Relevant reading for this problem set: ModernDive Chapter 7: Sampling.
Please indicate who you collaborated with on this problem set:
For this exercise, we will mimic the tactile sampling you did in class with virtual sampling. We will use some data from the general social survey, an annual personal-interview survey conducted in the United States. The survey is designed to monitor changes in both social characteristics and attitudes.
For this exercise, the population of interest will be ALL 2538 individuals living in a single neighborhood in 2014. As an analogy to the tactile sampling you did in class, the neighborhood is the “bowl” and the 2,538 people are the little balls.
If you get stuck as you are working through this Problem Set, it will likely be helpful to review Chapter 7 in ModernDive, in particular subsections 7.3.1 on “Terminology & notation” and 7.3.2 on “Statistical definitions”. The terminology, notation, and definitions related to sampling are definitely tricky at first; the best method to master them is practice, practice, practice.
Symbol | Population Parameter | Point Estimate |
---|---|---|
Number of cases | \(N\) | \(n\) |
Proportion | \(p\) | \(\hat{p}\) |
Standard error | \(SE\) | \(\widehat{SE}\) |
First load the necessary packages:
library(ggplot2)
library(dplyr)
library(forcats)
library(moderndive)
The GSS data we will be working with is in the gss_cat
data frame, which comes built-in with the forcats
package you just loaded. You can take a glimpse()
of the gss_cat
data set like so:
data(gss_cat)
glimpse(gss_cat)
You should also explore the data in the RStudio data viewer, and type ?gss_cat
into the console to see a description of the variables in this data set.

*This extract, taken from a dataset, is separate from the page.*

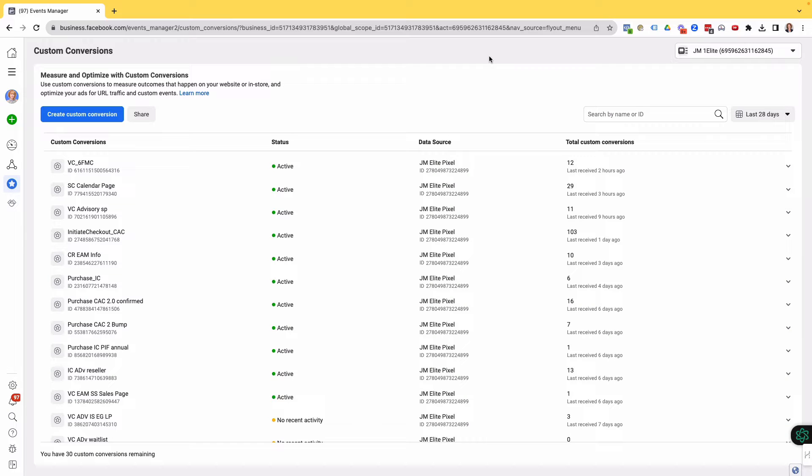If you create custom events, then you need to match them with a custom conversion. And Facebook has done something different now, which we discovered on our Elite Ad Manager Q&A call with one of our students who could not pull in her custom event when she wanted to create a custom conversion.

This data set includes many years of data, and many variables. To start, we will restrict our analysis to only 2014, and to only the variable indicating the marital
status of each respondent.
gss_14 <- gss_cat %>%
filter(year == 2014) %>%
select(marital)
The following shows all the unique responses for marital
status:
gss_14 %>%
distinct(marital)
marital |
---|
Divorced |
Married |
Never married |
Separated |
Widowed |
No answer |
In this problem set, will take some random samples of data using R. In order to make sure R takes the same random sample every time you run your code (so you can reproduce your work), you can do what is called “setting a seed”. Do this in any code chunk where you take a random sample! Otherwise, the answers you write down might accidentally become out of sync with the output of your code when your knit your document!
You can control your computer’s random number generator by providing a number to using the set.seed
function. Any number will do - in the example below, we use 45 as our seed value.
set.seed(45)
Again, for this exercise, the population of interest will be ALL 2,538 individuals living in this single neighborhood in 2014. Since we have data on ALL 2538 people living in the neighborhood, we can compute the exact population proportion \(p\) of divorced people directly using ALL the data:
gss_14 %>%
summarize(divorced = sum(marital == "Divorced"),
N = n()) %>%
mutate(p = divorced / N)
divorced | N | p |
---|---|---|
411 | 2538 | 0.1619385 |
Note that we used \(N\) (the size of the full population, 2,538 people) and computed \(p\) (not \(\hat{p}\) ). And, no inference from sample to the population is needed. This is because we’re working with the entire population of interest. We do not need to estimate the true proportion, or infer something about the true population proportion of divorced people in this neighborhood in 2014, because in this case, we can compute it directly (just like counting all red balls in the bowl). Thus, we know that \(p\) is exactly 0.16. In other words, this situation is not a realistic reflection of a real life problem.
For the rest of this problem set, we will be simulating the act of sampling from this neighborhood population to understand and study how factors like sample size influence sampling variation.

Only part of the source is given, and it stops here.